Hz. Peygamber’in hayatına dair rivayetlerin küçük bir bölümü tarihî süreçte sürekli tartışma konusu olmuştur. Bazıları bunlarda anlatılan hususların Allah Rasulü’nün hayatının bir parçası olduğunu iddia ederken diğer kesim ise rivayetlerin sorunlu olduğunu öne sürmüştür. Günümüzde Hz. Muhammed gençlere anlatılırken iki görüşten birini benimsemiş olan her bir taraf hataya düşebilmektedir. Birinci kesim, klasik kitaplarda son elçinin hayatına dair anlatılan her bir şeyi -Hz. Peygamber'i yüceltiyor düşüncesiyle- hakikatmiş gibi kabullenmekte, Allah Rasulü’nün hayatını ve kişiliğini bu rivayetleri de kullanmak suretiyle anlatmaktadır. Bu rivayetleri doğru olarak kabul etmeleri kendi yaklaşımları açısından kabul edilebilir bir durumdur ancak öncelikle ittifakla kabul edilmiş bilgileri anlatmak, sonra da tartışma alanı olan konuları eklemlemek en doğru olanıdır. Bunu yaparken de üzerlerinde tartışmalar olduğu mutlaka dile getirilmeli ve kendisine göre bunların neden doğru olduğu ayrıca izah edilmelidir. Bu yapılmayıp üzerlerinde tartışma olduğundan hiç bahsedilmeden Hz. Peygamber’in hayatının birer parçası olarak anlatıldığında bu rivayetler etrafındaki sorunlarla karşılaşan gençlerde Allah Rasulü’nün yaşamının bütününe karşı hem bir şüphe uyanmasına hem de gönüllerdeki rehberliğinin zedelenmesine yol açabilmektedir. Dolayısıyla önce rivayet açısından sorun bulunmayan büyük alandan başlayarak kutlu elçiyi anlatıp sevdirmek, tartışmalar olan sahayı -tartışmalı olduğunu belirterek- sona bırakmak en doğrusudur.

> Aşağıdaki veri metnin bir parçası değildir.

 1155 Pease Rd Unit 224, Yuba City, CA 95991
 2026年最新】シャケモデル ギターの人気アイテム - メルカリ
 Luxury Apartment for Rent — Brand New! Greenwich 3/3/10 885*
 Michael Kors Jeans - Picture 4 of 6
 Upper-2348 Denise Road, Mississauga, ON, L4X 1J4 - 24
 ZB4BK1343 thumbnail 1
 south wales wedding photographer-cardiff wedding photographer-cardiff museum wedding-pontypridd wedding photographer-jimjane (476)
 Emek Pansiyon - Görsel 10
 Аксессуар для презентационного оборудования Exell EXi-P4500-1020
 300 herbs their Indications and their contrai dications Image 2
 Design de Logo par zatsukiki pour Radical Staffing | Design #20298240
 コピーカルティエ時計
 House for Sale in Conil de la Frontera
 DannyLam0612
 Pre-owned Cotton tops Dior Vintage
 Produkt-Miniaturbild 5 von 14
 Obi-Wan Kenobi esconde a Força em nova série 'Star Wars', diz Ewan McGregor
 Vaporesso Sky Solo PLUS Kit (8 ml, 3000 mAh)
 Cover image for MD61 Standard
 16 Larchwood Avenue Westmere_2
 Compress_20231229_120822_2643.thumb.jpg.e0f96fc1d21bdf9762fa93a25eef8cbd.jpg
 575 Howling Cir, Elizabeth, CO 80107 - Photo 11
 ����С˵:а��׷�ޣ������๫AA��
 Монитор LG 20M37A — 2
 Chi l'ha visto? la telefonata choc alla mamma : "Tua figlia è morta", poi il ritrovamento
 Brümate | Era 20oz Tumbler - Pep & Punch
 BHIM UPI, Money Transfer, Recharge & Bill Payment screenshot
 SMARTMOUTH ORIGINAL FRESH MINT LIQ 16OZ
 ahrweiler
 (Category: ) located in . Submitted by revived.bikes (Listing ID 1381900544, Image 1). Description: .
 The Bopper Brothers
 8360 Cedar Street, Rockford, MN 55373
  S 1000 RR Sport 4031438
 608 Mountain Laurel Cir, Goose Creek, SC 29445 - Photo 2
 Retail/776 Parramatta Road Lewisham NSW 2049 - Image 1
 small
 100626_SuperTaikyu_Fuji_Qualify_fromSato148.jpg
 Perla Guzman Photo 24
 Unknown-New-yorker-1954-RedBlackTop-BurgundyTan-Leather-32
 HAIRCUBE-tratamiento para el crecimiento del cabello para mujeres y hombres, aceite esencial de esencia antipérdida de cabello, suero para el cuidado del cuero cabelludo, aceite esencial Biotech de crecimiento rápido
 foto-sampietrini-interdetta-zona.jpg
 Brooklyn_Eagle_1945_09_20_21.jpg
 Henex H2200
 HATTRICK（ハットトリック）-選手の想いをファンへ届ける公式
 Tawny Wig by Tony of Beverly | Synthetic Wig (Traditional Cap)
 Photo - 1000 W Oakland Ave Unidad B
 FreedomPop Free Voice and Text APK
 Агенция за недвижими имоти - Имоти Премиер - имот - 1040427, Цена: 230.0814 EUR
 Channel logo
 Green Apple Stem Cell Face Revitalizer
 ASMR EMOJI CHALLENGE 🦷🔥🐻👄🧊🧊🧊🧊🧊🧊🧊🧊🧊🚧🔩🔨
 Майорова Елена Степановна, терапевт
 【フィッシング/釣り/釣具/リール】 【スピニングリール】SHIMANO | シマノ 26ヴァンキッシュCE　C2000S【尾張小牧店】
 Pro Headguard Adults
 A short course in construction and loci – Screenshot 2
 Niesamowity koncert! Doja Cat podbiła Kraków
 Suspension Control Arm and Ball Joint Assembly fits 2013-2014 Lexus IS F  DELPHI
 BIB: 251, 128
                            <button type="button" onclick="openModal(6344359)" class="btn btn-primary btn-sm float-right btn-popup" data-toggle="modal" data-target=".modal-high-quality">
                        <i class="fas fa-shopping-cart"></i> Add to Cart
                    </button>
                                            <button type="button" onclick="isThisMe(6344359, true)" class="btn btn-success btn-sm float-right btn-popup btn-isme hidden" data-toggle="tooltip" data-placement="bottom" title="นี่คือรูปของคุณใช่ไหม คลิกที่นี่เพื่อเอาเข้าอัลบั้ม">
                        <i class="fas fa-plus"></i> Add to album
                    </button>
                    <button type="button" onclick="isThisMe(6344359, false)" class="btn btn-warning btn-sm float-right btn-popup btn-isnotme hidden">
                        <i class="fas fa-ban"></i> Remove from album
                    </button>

Hz. Peygamber’in hayatını gençlere anlatırken kendince problemli gördüğü rivayetleri araya serpiştirerek eleştirel dille anlatanlara gelince bu kişiler, gençlerin Hz. Peygamber’in hayatıyla ilgili neye inanacakları neye inanmayacakları noktasında kafalarının karışmasına ve her şeyden şüpheye düşmelerine neden olmakta, kalplerde katıksız peygamber sevgisinin oluşmasına zarar vermektedirler. Oysa onların da tartışmalı konuları sona saklayarak önce sağlam ve ortak kabulle benimsenmiş bilgilerle temeli attıktan sonra tartışmalı alana değinmeleri güzel olur. Çünkü temeli sağlam malzemeden atmadan harcın arasına zarar verici maddeler boca etmek, binanın sağlamlığına zarar verir. Ülkemizde bu husus, bazılarınca dikkate alınmadığından her şeye şüpheyle bakan, Hz. Peygamber’den gelen her bir rivayet hakkında “gerçek olmama ihtimali var” endişesi taşıyan bir zümre yetişmiştir ki bu gençlerin gönüllerinde Hz. Peygamber’in rehberliğinin sabit bir yer tuttuğundan bahsetmemiz zordur.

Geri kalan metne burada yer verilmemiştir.